Notes on using multiple git repositories in a build. Having a good way to do this is a requirement for implementing a clean layered approach.
Collected from various emails:
- Looks, feels and behaves like a standard git repo for the end user, no special tools needed.
- Can be checked out by the end user with one easy command.
- Contains full history for all the components in bisectable commits.
- The user can submit changes back easily with standard git workflow.
- tool should make it easy to add or change the pull URL for a repo.
- its part of git, no extra tools, languages, etc are required to be installed.
- locks submodules to a specific commit, so that subprojects can proceed at their own pace, while the superproject can move them forward as they are verified, and tested.
- Regarding git submodules, I haven't used them in a couple of years but the last time I did, the workflow was terrible.
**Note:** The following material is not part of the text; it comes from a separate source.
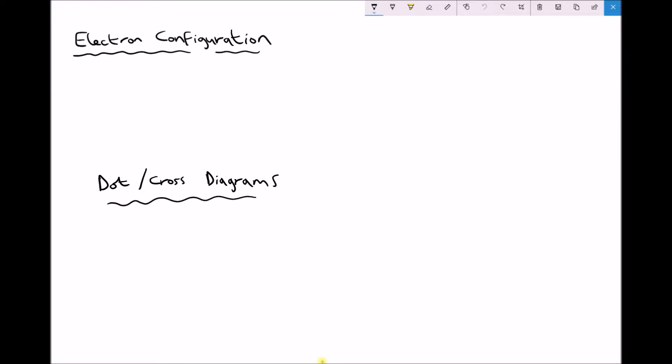Hydrogen has an atomic number of one, therefore it has one proton. It also has an atomic mass of one, so because the number of protons plus neutrons equals one, there can't be any neutrons. And if there's one proton, there must be one electron, because the charges need to balance. So the electronic configuration for hydrogen is very straightforward — it's just one.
It kept rolling back submodule versions because someone forgot to do a full "git submodule update" and then did a "git commit -a" in the superproject; we were forever forgetting to commit and push the superproject after changing submodules; it seemed to delight in finding new ways to create merge conflicts; etc.
- http://book.git-scm.com/5_submodules.html (pitfalls, about 2/3 way through page)
- Submodule was committed and pushed, but superproject wasn't committed and/or pushed, so other developers kept using old submodule.
- Superproject was committed and pushed, but subproject wasn't committed and/or pushed. As a result other developers couldn't clone/update.
- Submodules are checked out as detached HEADs. I can't count the number of times I accidentally committed on top of that damned HEAD and had to go back later to create a new branch and cherry-pick my change over.
- If you accidentally commit on top of the detached HEAD, "git submodule update" will silently eat your changes. This led to people being afraid to run "git submodule update", which made the following problem more frequent.
- (Note, git does not eat your changes, they are still there and can be found with git reflog. It is agreed this is a pain, but it is not too bad to recover. See http://bec-systems.com/site/696/git-submodules-what-to-do-when-you-commit-to-no-branch)
- Developer 1 changed subproject A and properly pushed the superproject. Developer 2 did a "git pull" on the superproject but not a "git submodule update". Developer 2 then changed subproject B, committed, pushed, and did a "git commit -a" in the superproject not realizing this rolls back the superproject version of submodule A.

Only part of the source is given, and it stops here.